» INFORMATION SHOWN
/---

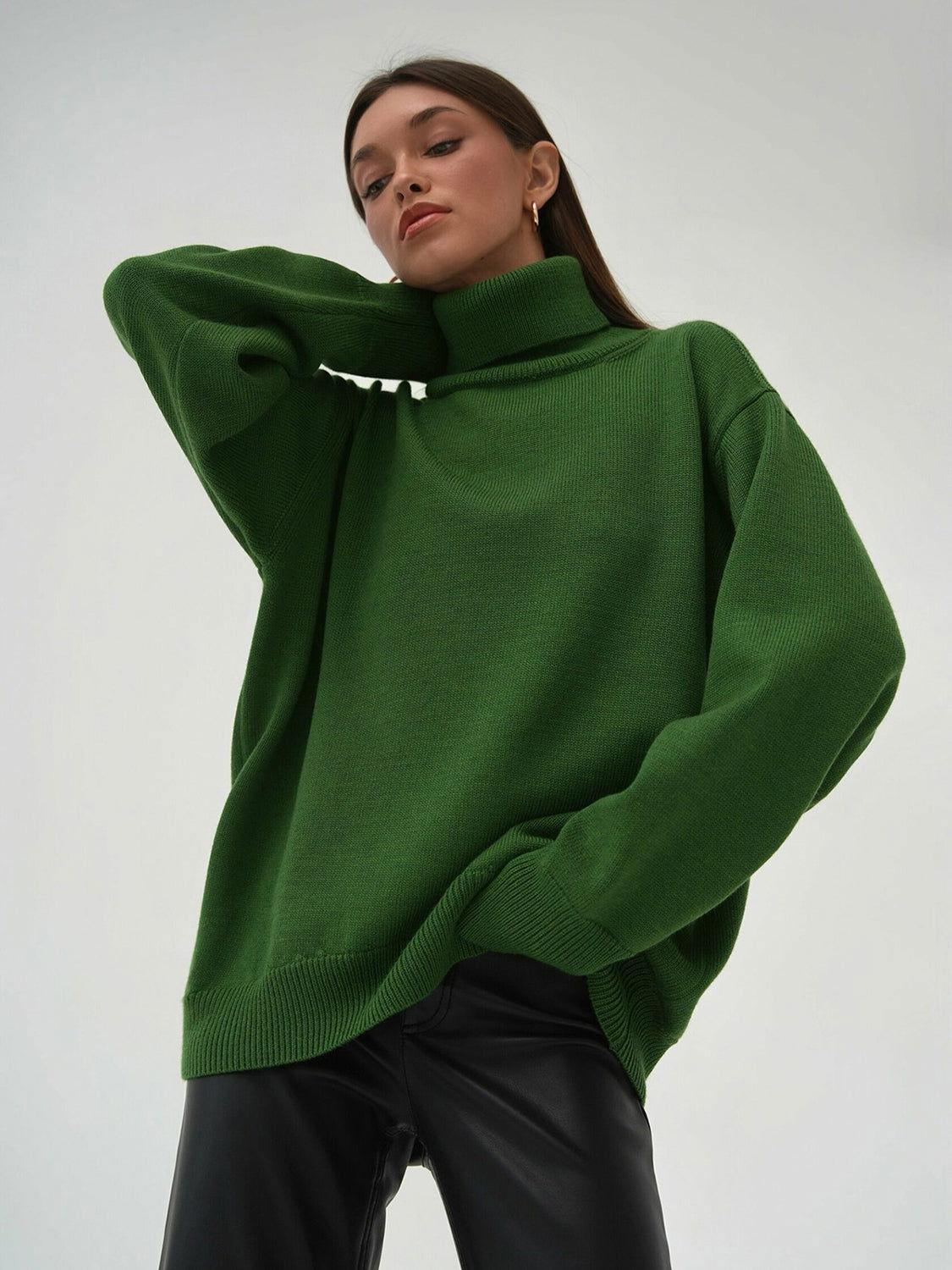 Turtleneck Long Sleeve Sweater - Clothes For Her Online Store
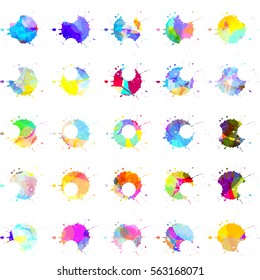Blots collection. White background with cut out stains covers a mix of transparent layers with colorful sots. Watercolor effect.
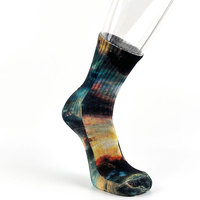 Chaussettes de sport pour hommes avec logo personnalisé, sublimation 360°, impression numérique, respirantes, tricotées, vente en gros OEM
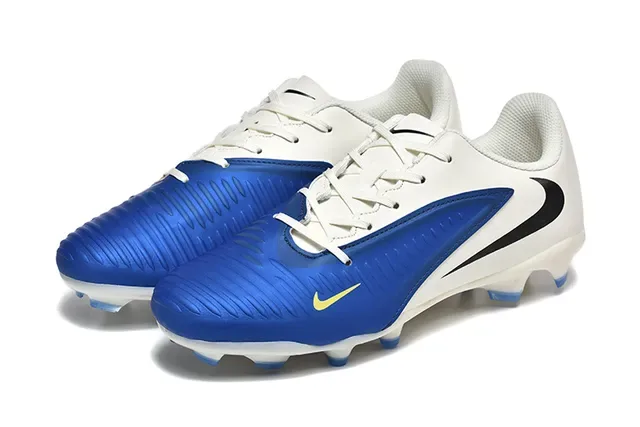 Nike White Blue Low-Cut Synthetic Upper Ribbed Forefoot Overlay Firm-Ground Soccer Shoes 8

\---

» EXERCISE OBJECTIVE
Copy out the material word for word, without any images.

» OUTPUT OF THE TASK
 Turtleneck Long Sleeve Sweater - Clothes For Her Online Store
Blots collection. White background with cut out stains covers a mix of transparent layers with colorful sots. Watercolor effect.
 Chaussettes de sport pour hommes avec logo personnalisé, sublimation 360°, impression numérique, respirantes, tricotées, vente en gros OEM
 Nike White Blue Low-Cut Synthetic Upper Ribbed Forefoot Overlay Firm-Ground Soccer Shoes 8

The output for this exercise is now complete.